__WORK REQUIRED__
For this exercise, output exactly and only the lines running from the one with "Evliya Çelebi'nin Seyahatnamesi'nde" through the final line of the data below, without pictures.

__MATERIAL PROVIDED__
=== Begin Enclosure ===
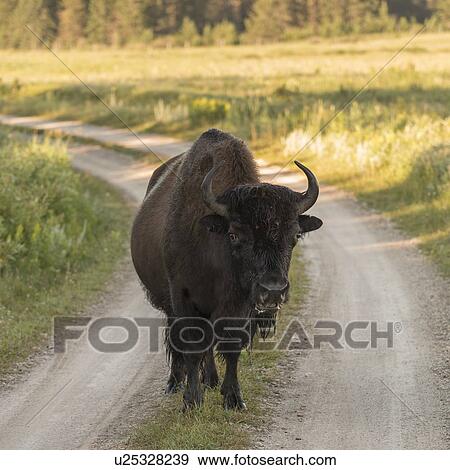 Stock Photo - Bison standing on a dirt road, Lake Audy Campground, Riding Mountain National Park, Manitoba, Canada. Fotosearch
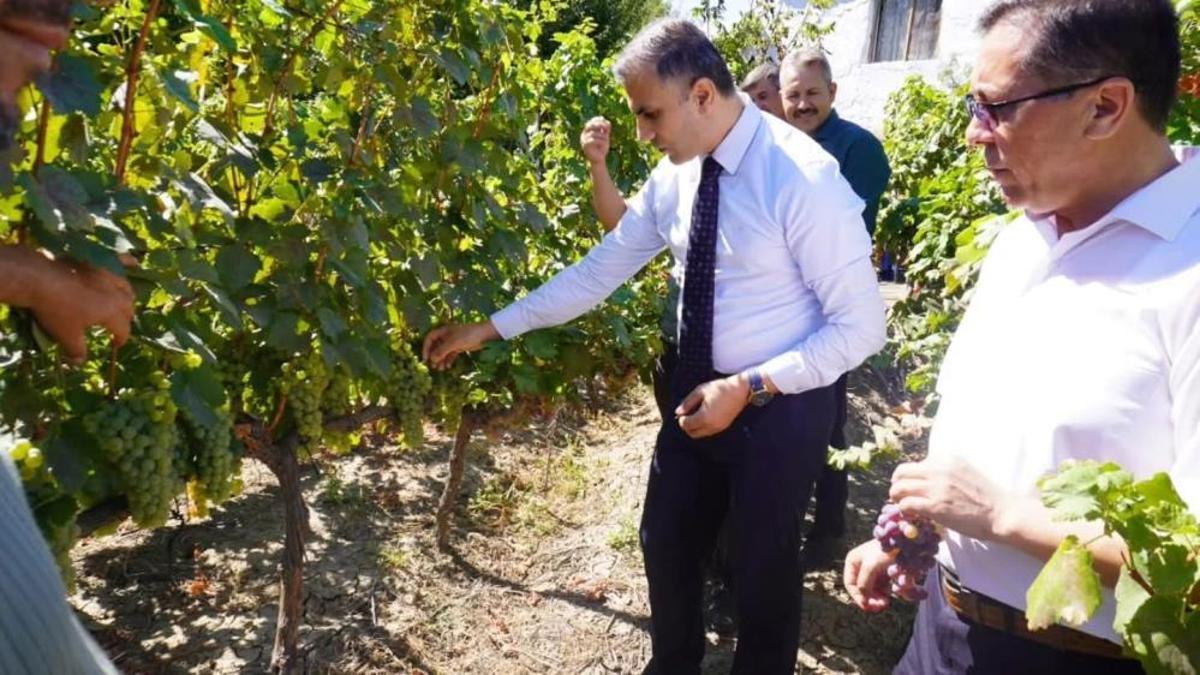 Evliya Çelebi'nin Seyahatnamesi'nde bile yer alıyor! Sadece bu ilçede yetişiyor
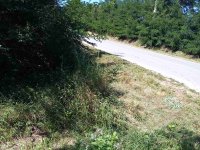 Nekretnina: Imanje na Kosmaju (1ha)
=== End Enclosure ===
__RESPONSE AREA__
 Evliya Çelebi'nin Seyahatnamesi'nde bile yer alıyor! Sadece bu ilçede yetişiyor
 Nekretnina: Imanje na Kosmaju (1ha)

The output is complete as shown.